◆ **PROVIDED DATA**:
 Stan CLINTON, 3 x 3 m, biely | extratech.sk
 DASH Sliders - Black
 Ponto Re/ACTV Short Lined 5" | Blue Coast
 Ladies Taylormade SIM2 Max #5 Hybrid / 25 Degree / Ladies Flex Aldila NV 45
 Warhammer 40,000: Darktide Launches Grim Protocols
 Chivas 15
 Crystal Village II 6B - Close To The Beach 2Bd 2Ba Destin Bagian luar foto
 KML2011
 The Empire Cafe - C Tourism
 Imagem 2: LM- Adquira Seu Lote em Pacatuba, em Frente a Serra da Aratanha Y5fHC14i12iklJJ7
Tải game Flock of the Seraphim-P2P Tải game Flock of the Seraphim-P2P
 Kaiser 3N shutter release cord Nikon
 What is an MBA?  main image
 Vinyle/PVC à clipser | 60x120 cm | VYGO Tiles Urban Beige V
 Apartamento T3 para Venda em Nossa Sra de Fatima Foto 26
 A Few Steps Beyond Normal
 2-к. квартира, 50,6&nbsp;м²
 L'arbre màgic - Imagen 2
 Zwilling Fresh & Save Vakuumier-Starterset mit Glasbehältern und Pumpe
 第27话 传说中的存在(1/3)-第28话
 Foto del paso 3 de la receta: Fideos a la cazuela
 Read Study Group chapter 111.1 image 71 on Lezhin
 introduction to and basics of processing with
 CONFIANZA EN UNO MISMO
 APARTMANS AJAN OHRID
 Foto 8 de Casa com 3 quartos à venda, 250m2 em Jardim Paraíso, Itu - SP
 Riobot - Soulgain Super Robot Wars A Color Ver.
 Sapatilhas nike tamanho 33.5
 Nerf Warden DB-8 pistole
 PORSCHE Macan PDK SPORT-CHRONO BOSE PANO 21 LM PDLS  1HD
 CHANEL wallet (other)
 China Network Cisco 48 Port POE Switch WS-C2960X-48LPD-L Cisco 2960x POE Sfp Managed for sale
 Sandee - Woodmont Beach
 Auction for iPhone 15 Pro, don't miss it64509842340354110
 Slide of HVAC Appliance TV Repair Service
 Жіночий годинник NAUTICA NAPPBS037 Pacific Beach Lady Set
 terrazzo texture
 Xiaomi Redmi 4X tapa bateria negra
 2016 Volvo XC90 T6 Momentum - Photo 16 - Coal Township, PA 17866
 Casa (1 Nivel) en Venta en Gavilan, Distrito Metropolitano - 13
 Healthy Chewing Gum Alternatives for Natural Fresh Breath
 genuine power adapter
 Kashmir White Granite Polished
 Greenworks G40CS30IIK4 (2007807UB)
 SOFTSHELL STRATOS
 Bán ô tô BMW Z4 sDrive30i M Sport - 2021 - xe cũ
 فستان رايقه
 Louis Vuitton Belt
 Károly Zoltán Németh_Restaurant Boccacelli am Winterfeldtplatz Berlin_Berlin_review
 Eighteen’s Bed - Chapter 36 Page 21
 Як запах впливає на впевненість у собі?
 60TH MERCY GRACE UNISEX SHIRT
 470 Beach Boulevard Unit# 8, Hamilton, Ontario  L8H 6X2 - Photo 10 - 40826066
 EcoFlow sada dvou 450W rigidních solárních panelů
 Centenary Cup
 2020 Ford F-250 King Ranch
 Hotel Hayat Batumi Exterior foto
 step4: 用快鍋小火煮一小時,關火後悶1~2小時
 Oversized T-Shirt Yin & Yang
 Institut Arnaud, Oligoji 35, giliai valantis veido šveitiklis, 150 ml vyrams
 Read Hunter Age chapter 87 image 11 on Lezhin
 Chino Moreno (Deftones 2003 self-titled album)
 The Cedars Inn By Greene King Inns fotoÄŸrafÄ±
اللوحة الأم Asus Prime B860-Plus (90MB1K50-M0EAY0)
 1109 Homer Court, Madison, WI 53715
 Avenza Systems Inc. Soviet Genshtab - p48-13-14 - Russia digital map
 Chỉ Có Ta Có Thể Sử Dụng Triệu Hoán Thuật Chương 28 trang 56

◆ **WHAT YOU SHOULD DO**: Where the listing above has a line with "Foto del paso", start there, and output every line exactly through the line with "Sandee - Woodmont Beach", which is also included.

◆ **EXERCISE ANSWER**:
 Foto del paso 3 de la receta: Fideos a la cazuela
 Read Study Group chapter 111.1 image 71 on Lezhin
 introduction to and basics of processing with
 CONFIANZA EN UNO MISMO
 APARTMANS AJAN OHRID
 Foto 8 de Casa com 3 quartos à venda, 250m2 em Jardim Paraíso, Itu - SP
 Riobot - Soulgain Super Robot Wars A Color Ver.
 Sapatilhas nike tamanho 33.5
 Nerf Warden DB-8 pistole
 PORSCHE Macan PDK SPORT-CHRONO BOSE PANO 21 LM PDLS  1HD
 CHANEL wallet (other)
 China Network Cisco 48 Port POE Switch WS-C2960X-48LPD-L Cisco 2960x POE Sfp Managed for sale
 Sandee - Woodmont Beach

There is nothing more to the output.